The former requires that people actually use gh releases and the latter requires to transfer the entire .jpl file just to display its information.

My worry here is that we will need to review not just plugin submissions but also plugin updates. This would mean that large (useful) plugins could fall out of verified status just because no-one has the time to do a full review and keep up with the development.

Plugin developers should be required to host the entire source of the plugin, just as shantanugoel did we can then just grab the manifest.json file from the src folder, at least I think that's possible?


Yes, this makes sense, but we also need the .jpl file to install it. Unless we fetch the source tree to a dev server and create the .jpl on the fly. Or maybe we should require a travis pipeline that builds the .jpl file in those repos. We might be able to create a pipeline template everyone can use.

The plugin development process already creates a .jpl file when the plugin developer runs npm dist. We can just require that developers push the .jpl file (and the dist directory).

Simply linking to a repo and requiring developers to publish their JPL file indeed makes things easier as we don't need to do anything on our side, beside maintaining a list of repo URLs.

On the other hand, it means we don't have much control over what's published. Even if we review, the developer could change files after that and we won't know about it. Or perhaps we need a repo url + tag, as I think tags are immutable (or maybe not?).

Then whenever a developer wants to update their plugin, they create a pull request on our repo and change the tag name. At that point we can review if we want to.


Right, additionally we could create a sha256 sum of the .jpl file. It's not signing, but the gpg npm packages are rather big 8-10MB, and it's better than nothing. Otherwise, if we really want to go with a verification process, we could also sign a package (.jpl file) with a Joplin key, but use something other than gpg, e.g. miniLock. I'm sure there are smaller libs than gpg out there that allow to digisign files. git tags are not immutable, but asset ids or node ids are.

+1 for the GitHub repository for plugins. The store/repo will be very important in order to find good plugins and maintain them easily - install, update, rate.

+1, as mentioned before...

Thanks everyone for the feedback so far. From our discussion I'm putting below the requirements for a plugin repository. I think the most important question now is what information exactly a developer should provide.

Developers submit or update a plugin by creating a pull request

That's the easiest way both for us and developers.

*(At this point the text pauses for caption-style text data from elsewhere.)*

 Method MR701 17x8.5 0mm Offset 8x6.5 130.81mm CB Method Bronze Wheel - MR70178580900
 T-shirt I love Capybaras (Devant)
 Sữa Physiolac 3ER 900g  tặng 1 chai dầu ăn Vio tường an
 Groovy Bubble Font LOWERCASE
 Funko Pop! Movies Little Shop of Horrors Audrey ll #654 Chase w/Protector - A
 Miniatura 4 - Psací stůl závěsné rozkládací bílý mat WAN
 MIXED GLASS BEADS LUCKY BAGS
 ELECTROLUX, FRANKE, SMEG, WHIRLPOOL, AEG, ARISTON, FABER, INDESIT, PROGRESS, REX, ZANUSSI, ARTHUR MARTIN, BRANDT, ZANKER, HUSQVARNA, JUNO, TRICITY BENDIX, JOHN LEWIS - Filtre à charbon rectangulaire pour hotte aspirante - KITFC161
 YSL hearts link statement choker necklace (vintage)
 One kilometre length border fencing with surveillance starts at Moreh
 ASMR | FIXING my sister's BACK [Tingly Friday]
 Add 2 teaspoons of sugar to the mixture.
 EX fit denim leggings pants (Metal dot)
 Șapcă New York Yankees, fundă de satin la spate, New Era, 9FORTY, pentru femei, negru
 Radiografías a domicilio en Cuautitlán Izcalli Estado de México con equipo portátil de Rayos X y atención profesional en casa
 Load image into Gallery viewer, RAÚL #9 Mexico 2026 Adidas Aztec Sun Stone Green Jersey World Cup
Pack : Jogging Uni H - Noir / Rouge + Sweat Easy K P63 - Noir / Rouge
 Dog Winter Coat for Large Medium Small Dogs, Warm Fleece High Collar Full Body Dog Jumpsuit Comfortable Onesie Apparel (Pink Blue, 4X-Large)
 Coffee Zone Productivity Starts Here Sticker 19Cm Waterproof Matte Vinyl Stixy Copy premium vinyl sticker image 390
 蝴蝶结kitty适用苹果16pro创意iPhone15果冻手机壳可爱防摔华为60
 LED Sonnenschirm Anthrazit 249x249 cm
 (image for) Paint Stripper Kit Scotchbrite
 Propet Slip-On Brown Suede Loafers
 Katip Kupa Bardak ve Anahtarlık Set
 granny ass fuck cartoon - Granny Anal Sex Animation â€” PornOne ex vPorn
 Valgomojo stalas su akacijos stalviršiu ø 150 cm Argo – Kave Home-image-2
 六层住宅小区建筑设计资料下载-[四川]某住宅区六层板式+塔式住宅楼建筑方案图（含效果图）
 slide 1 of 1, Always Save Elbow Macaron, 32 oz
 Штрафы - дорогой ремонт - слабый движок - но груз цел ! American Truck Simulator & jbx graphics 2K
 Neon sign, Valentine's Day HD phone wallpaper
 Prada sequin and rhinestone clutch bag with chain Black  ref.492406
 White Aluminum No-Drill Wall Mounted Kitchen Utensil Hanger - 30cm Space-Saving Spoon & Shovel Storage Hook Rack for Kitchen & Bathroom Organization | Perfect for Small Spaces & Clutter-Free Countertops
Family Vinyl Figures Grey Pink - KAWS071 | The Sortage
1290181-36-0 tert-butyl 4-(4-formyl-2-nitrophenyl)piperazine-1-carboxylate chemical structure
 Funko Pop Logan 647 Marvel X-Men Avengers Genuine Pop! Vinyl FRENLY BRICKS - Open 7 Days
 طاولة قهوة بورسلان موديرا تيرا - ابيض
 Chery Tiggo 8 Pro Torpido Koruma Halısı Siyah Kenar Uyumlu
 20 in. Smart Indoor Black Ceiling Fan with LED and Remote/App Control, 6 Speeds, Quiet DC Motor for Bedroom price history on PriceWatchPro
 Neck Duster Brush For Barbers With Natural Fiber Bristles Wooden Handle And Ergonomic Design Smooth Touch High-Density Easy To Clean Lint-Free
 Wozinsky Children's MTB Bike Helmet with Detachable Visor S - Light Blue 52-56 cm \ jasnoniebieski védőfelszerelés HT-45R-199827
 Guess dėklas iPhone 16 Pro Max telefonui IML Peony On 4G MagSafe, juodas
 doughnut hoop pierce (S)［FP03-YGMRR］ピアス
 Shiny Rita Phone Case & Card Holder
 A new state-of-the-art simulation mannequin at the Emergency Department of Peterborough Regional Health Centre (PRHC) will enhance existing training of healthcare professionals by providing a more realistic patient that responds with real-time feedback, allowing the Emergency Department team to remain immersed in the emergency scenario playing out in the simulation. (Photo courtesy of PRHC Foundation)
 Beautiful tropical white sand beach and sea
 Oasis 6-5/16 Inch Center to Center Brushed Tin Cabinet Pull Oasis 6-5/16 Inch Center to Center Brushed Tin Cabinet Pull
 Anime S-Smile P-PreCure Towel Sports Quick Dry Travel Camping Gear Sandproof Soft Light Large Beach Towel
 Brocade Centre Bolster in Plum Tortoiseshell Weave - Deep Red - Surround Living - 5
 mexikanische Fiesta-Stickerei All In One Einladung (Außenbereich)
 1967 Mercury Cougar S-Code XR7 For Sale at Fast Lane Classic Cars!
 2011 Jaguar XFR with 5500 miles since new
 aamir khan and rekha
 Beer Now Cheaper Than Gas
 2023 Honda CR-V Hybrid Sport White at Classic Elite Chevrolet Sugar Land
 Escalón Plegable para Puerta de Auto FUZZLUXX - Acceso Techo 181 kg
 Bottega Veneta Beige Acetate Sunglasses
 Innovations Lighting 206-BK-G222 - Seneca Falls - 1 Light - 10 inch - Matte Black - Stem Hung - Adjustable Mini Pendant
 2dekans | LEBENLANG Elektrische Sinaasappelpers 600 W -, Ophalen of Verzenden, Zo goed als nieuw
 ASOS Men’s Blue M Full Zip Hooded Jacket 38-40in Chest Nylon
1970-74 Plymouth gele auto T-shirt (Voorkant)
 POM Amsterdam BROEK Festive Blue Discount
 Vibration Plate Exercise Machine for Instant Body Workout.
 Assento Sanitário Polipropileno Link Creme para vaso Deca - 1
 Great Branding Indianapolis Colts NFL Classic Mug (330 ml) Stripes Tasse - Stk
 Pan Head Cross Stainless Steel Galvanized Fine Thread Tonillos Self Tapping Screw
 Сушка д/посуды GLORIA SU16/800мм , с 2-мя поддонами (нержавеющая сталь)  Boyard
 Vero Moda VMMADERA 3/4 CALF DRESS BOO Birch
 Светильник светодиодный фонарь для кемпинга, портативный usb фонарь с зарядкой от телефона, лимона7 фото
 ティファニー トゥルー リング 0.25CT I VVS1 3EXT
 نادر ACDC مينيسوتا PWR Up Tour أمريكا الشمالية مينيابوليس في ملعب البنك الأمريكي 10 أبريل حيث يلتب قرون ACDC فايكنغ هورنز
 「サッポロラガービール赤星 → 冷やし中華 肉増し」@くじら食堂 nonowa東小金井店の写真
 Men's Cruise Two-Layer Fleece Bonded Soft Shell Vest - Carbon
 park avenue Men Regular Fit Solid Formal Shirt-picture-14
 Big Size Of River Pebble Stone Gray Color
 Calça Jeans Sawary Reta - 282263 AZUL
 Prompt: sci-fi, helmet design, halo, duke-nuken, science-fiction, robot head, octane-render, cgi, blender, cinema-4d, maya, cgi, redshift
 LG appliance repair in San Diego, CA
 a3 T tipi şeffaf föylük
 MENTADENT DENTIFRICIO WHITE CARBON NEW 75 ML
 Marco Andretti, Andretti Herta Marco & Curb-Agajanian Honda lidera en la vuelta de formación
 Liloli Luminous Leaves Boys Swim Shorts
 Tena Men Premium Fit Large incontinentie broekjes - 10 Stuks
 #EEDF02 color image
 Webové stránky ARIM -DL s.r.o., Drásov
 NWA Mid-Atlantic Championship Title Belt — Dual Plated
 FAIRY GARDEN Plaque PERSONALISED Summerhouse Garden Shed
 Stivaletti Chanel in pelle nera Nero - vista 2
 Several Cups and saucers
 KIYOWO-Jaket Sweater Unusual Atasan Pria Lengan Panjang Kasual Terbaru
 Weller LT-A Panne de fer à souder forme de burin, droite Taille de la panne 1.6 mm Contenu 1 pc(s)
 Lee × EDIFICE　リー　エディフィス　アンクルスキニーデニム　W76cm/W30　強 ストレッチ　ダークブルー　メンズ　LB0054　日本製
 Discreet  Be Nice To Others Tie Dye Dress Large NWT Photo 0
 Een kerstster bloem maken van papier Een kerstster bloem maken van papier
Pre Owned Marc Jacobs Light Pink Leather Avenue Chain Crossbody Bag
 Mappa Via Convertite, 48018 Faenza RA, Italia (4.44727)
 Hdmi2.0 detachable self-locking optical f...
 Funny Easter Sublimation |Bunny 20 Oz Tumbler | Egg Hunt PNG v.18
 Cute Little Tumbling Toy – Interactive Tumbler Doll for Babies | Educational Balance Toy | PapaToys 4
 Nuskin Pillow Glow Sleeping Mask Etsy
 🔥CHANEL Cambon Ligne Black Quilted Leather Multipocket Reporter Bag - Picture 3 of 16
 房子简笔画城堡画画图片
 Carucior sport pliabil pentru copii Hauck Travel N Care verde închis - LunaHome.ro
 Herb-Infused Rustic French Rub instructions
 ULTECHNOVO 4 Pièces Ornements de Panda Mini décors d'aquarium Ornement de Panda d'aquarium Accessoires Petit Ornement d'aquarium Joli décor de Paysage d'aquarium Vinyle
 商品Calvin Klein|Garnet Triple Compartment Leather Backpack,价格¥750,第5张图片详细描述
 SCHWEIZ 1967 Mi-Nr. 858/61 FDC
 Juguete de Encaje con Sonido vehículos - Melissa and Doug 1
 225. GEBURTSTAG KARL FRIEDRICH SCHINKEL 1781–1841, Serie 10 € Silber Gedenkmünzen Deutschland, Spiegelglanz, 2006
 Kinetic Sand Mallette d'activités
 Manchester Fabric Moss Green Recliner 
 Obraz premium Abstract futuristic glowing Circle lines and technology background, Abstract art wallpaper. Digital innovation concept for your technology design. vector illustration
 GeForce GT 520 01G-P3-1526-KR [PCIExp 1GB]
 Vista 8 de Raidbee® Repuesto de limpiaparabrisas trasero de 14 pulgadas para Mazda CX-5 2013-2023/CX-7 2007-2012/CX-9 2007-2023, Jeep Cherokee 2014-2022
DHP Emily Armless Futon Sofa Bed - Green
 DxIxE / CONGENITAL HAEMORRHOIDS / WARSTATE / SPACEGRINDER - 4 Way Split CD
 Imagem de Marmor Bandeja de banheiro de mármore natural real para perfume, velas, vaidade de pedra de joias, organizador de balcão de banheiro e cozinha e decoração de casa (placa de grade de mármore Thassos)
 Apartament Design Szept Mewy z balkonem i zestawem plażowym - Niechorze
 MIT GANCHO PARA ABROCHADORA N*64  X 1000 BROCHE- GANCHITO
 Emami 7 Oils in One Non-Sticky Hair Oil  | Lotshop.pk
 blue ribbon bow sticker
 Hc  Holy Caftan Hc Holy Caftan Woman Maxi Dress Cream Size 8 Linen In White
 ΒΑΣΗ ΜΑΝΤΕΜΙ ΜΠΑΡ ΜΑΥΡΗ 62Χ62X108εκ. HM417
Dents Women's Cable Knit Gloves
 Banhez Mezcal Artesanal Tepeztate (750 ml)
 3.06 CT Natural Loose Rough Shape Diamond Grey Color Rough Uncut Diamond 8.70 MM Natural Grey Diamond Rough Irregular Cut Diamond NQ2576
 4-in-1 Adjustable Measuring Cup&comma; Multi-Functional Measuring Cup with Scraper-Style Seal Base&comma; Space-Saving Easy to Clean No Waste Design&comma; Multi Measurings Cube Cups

Plugin location provided by developer should be immutable

In other words the content pointed by that reference should not change once it's in our repo. We still need to define what exactly the developer should provide - release URLs, tags and commits aren't good because the content pointed by them can be changed.

Optionally, developer should provide a tag or commit associated with the JPL file

So that it can be built and checked independently. Not necessarily by us, but reproducible builds are important to prove that nothing suspicious has been added to the minified JPL code.

It should be possible to access the manifest file

The client will need to access the manifest file, which is inside the JPL code. Downloading all the JPL files to get that info is not ideal, so that manifest file should be obtainable from somewhere else. If the developer provides a GitHub URL, we can find it in src/manifest.json for example.

Security policy

We cannot possibly review all plugins, just like Homebrew for example is not going to check every single package. However we can enforce important checks via the immutable URLs mentioned above, the ability to build the plugin independently, and generally a transparent process with the way plugins are added or updated in the repo.